A key accomplishment of this research was the calculation of pollution abatement benefits, particularly for air pollutants. Assistance in this area was provided by Jonathan Levy of the Harvard School of Public Health, an expert in atmospheric chemistry and quantifying the impacts of air pollutants on health. He helped develop a model of the impact of air pollution from a specific plant based on the predicted health impact of those pollutants on the surrounding population, particularly the mortality effects of particulates. The necessary calculations were incorporated in a spreadsheet that was used to calculate benefits per ton of reductions in specific air pollutants, incorporating local meteorological conditions near the plant (average wind speed and mixing height), the increased mortality risk, the size of the affected population, and estimates of the dollar value of a "statistical life" (for which an estimate of $4.8 million was used, based on an EPA analysis of existing studies). These per-ton benefits then were multiplied by the estimated reductions in plant emissions achieved at the plant to yield a measure of total benefits per plant, based on the levels of current emissions and of the efficiency of the control equipment in use at the plant.

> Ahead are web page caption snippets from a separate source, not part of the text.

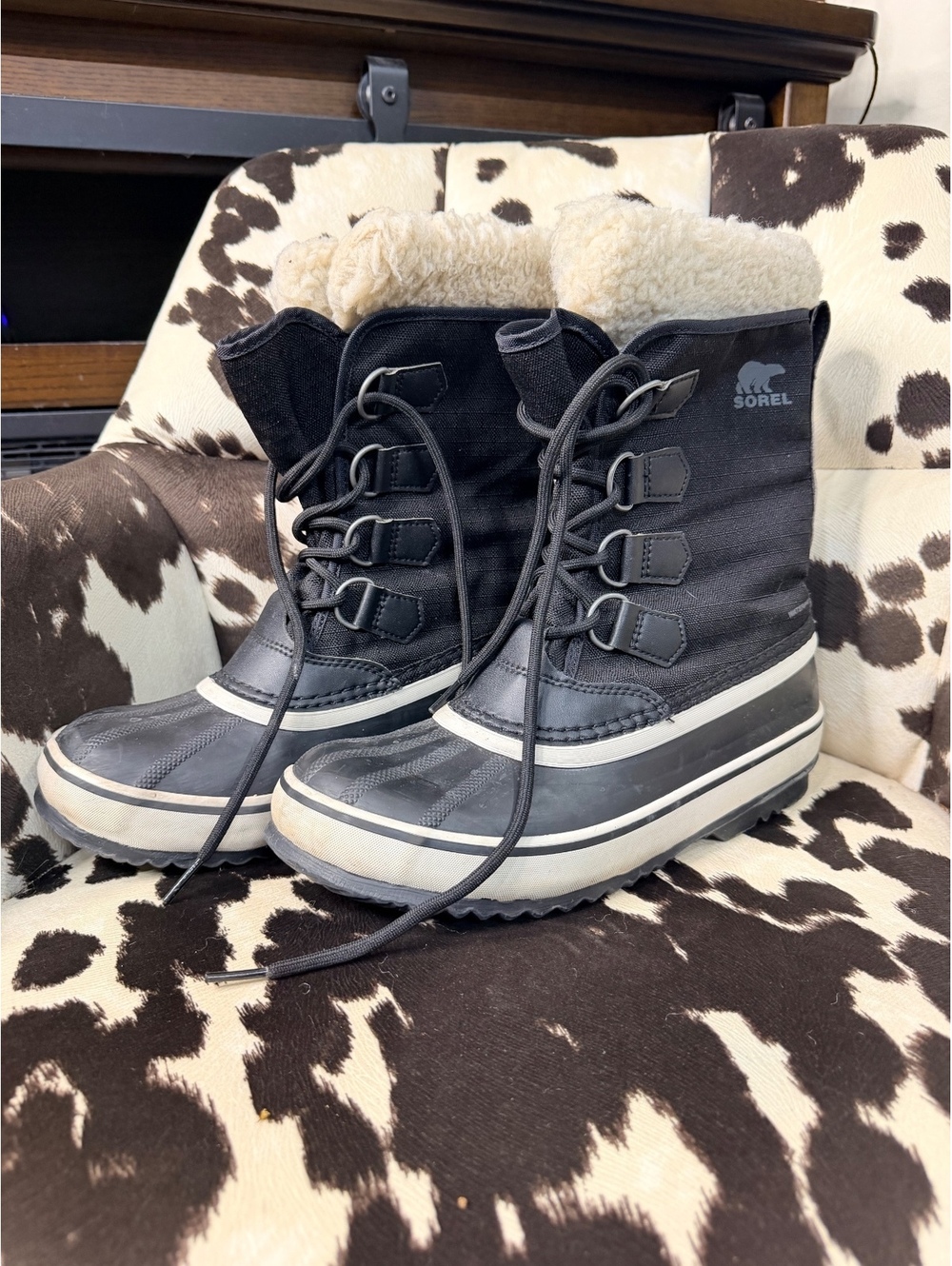 Sorel Women's Winter Waterproof Snow Boots Size 8 Black with Shearling Lining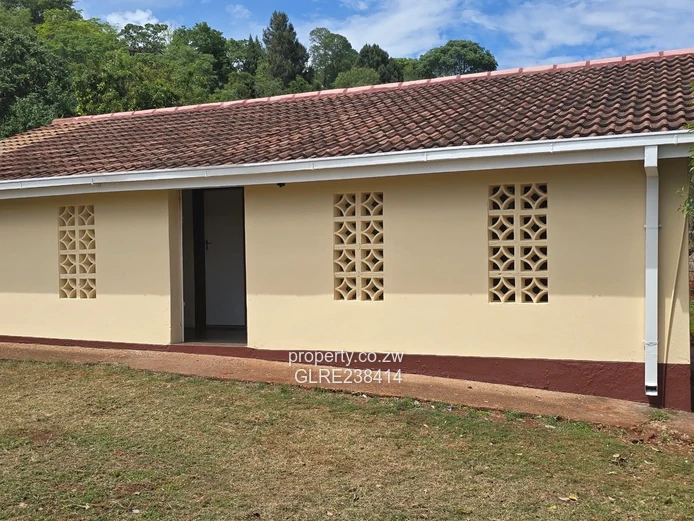 Spacious 5BR Borrowdale home — borehole & double garage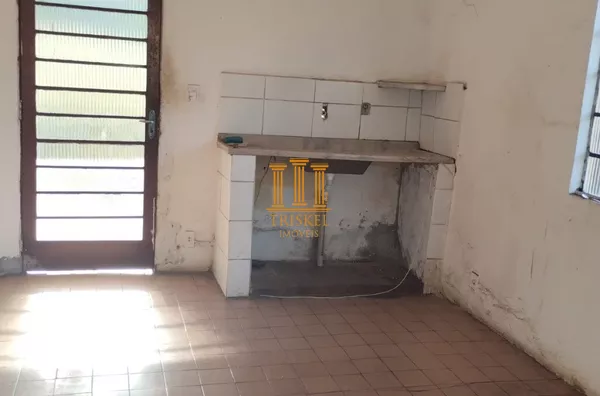 Casa 2 dorm e quintal de frente com a avenida no Jardim America em Taubaté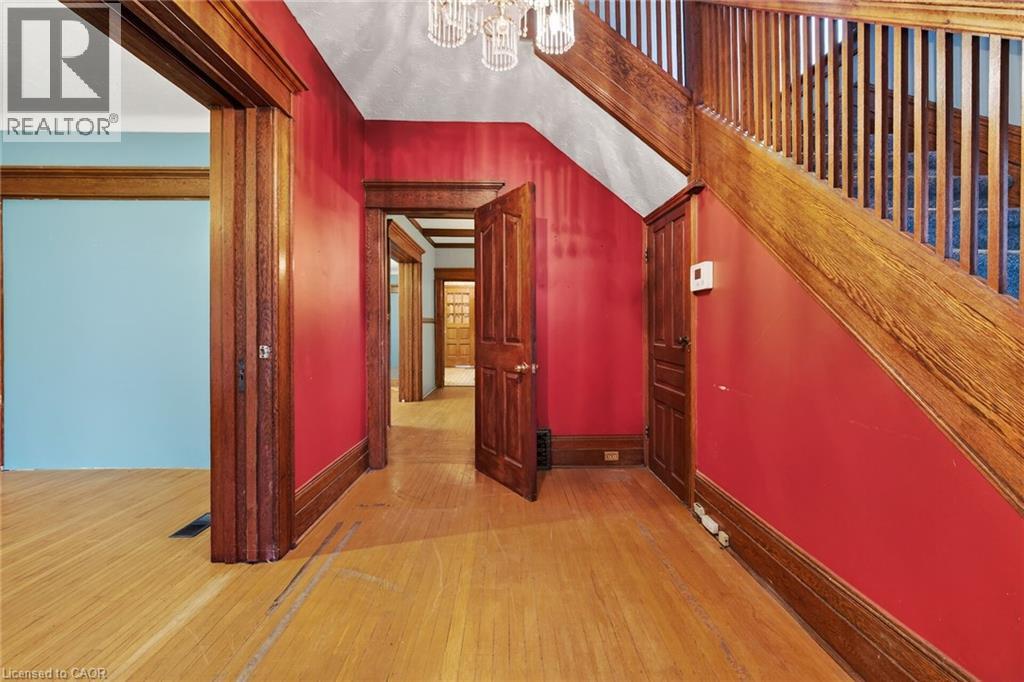 4637 Ellis Street, Niagara Falls, Ontario  L2E 1H8 - Photo 8 - 40796736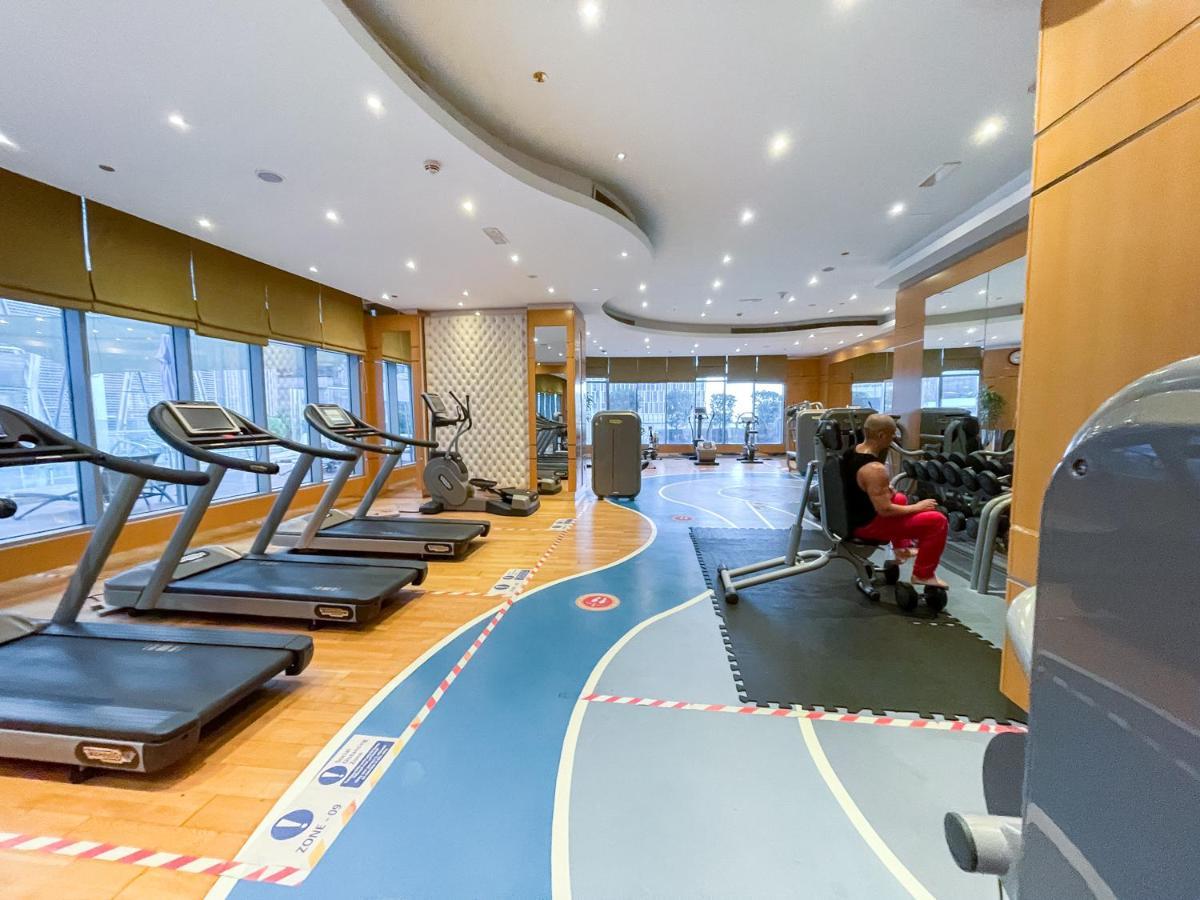 Dlx 21st Flr 3br Pool Gym Near Mall By Belvilla Ferienhaus
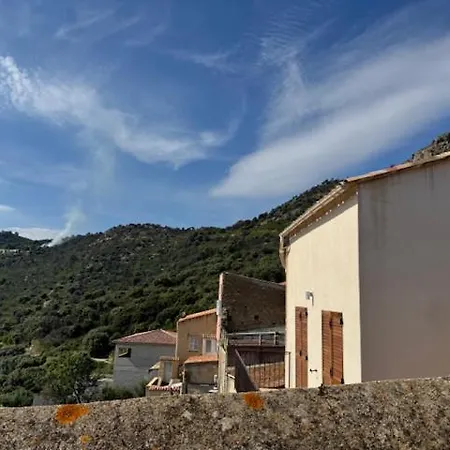 Casa Divota Au Coeur D'un Village Paisible Ferienhaus *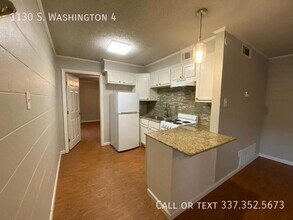 Building Photo - 1130 S Washington St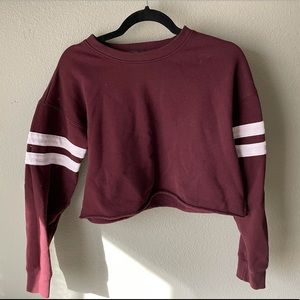 Cropped crewneck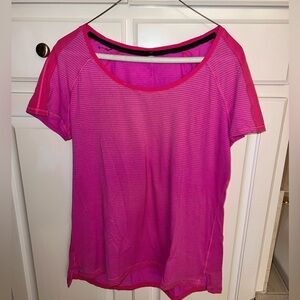 Lululemon women’s Tee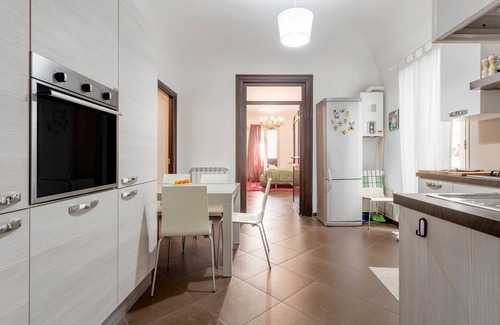 Ruggero Settimo House | Holiday Home 'Lulù Palermo' with Balcony, Wi-Fi and Air Conditioning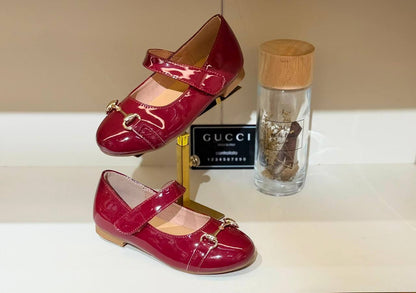 New Gucci Ballerina shoes🤍
Size:26 to 35
240 dhs✅
Super master quality ✅

Zain286
♥️♥️♥️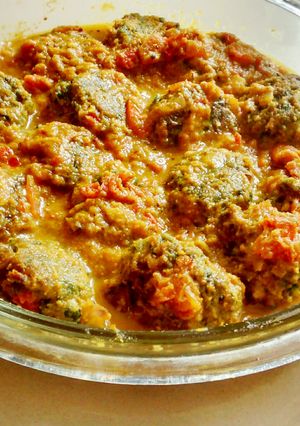 A picture of Palak Kofta Curry/Spinach Balls Curry.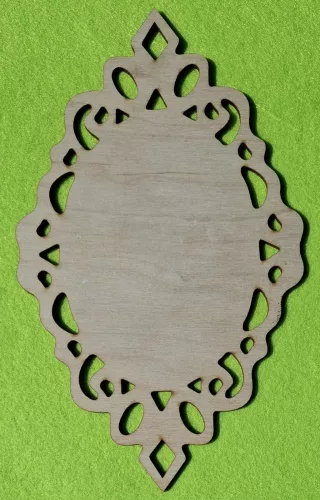 Natúr,nyír rétegelt lemez csipkés ovál keret	1db 	22x13cm   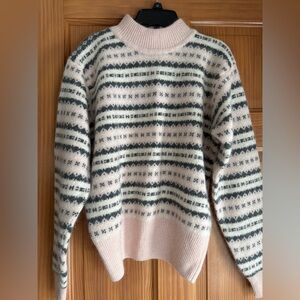 Liz Claiborne Lambswool and Rabbit Hair Wool Sweater small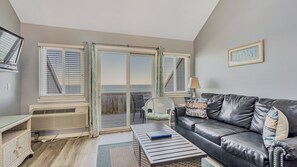 Superior Studio, Bay View | Free WiFi, bed sheets - Sun N Sound (Montauk)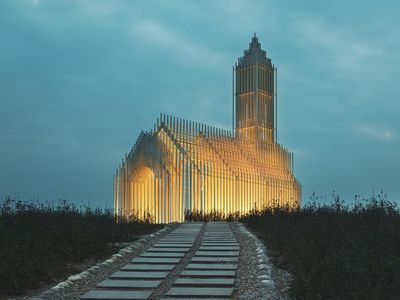 Sebuah bangunan putih dengan desain arsitektur unik menjadi daya tarik wisata di Sichuan, China. Dikenal sebagai Shadowless Church atau Gereja Tanpa Bayangan, bangunan tersebut menghadirkan perpaduan arsitektur minimalis, permainan cahaya, dan hampar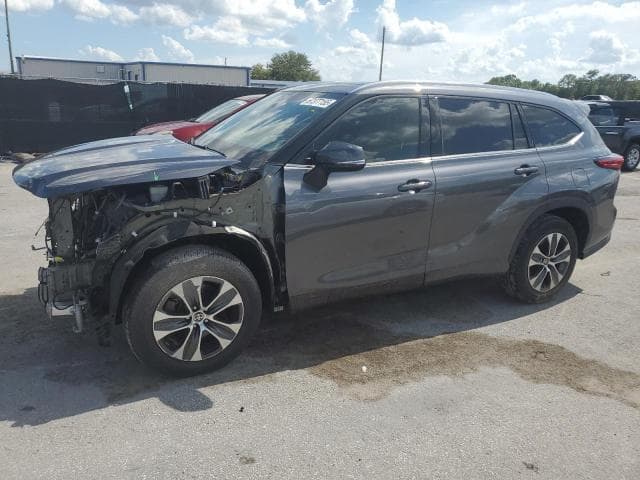 2021 TOYOTA HIGHLANDER XLE - 1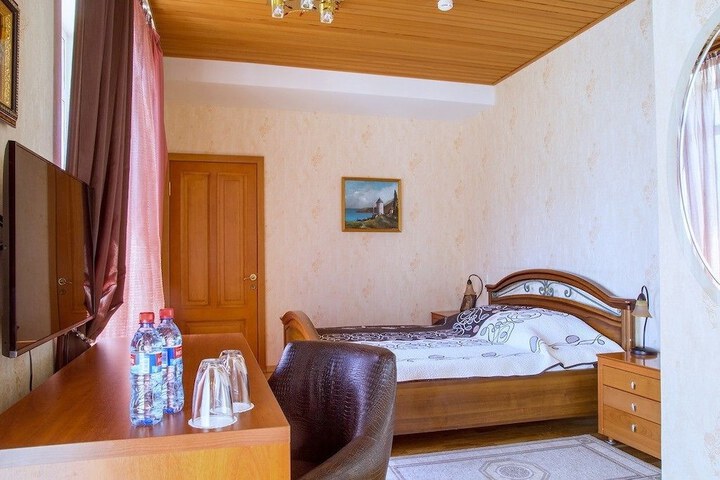 Room 28 of 69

The benefits from reductions in water pollution were calculated, using a less sophisticated model. The estimated pollution reductions were based on an existing engineering study that calculated the reductions in water pollution at a typical paper mill that could be attributed to compliance with the Clean Water Act. This study distinguished between different types of pulping processes, and reported pollution reductions per unit of output. Data on each plant's capacity and pulping process were used to estimate its reductions in water pollutant discharges. These reductions were multiplied by a national-level estimate of the benefits per ton of water pollution reduced, then adjusted by the population density near the plant to provide a plant-specific estimate of benefits. It was hoped that a more detailed model of water pollution could be used that incorporated plant-specific data such as differences in stream flow and water quality, but access to the model was not possible. There are some indications that the model may be used in the near future, and at that point our calculations will be revised to incorporate the new information.

The above-mentioned data were brought to the U.S. Census Bureau's Boston Research Data Center (BRDC), where they could be combined with confidential plant-specific data from the Census Bureau. The Census data included the Longitudinal Research Database (LRD) containing information on the production and costs components for productivity calculations, as well as the Pollution Abatement Costs and Expenditures (PACE) survey, with information on capital expenditures and operating costs for pollution abatement. In earlier research at the BRDC, the LRD and PACE data were linked to create datasets covering the 1979-1990 period with two samples of plants: a set of 116 plants that had complete productivity data in the LRD and at least some years of PACE data, and a subset of 68 plants that had PACE data from all years. It was planned to expand these samples, getting as close as possible to a complete sample of plants in the industry, and extending the data period into the 1990s. Unfortunately, a dispute between the U.S. Census Bureau and the Internal Revenue Service (IRS) over use of tax data in the LRD led to an extended moratorium on new projects with Census data. Research at the BRDC was permitted to continue, but was constrained to use of the existing LRD sample (though we were allowed to link in the new outside datasets we had created).

This constraint had two major consequences for this research work. First, it limited the set of plants in the analyses to the relatively large plants with continuous LRD data. This meant that the distribution of productivity growth and the effect of the adjustments for pollution abatement benefits, for a truly representative set of plants, could not be examined. Second, it limited the regulatory data in the analyses to those available in the 1980s. This effectively focused the detailed regulatory analyses on air pollution, for which some 1980s data exist (though we were able to calculate some measures of benefits for water pollution abatement, as described above). In recent months, an agreement has been reached between the U.S. Census Bureau and IRS that makes it possible for new projects to proceed. It has been proposed, and approval has been received from the U.S. Census Bureau for a new multiyear BRDC project that includes productivity related work with the 1990s data (it also includes work on the new EPA project on "Corporate Environmental Performance and the Effectiveness of Government Interventions"). It is anticipated that some of the analyses carried out in this project would be extended in the future.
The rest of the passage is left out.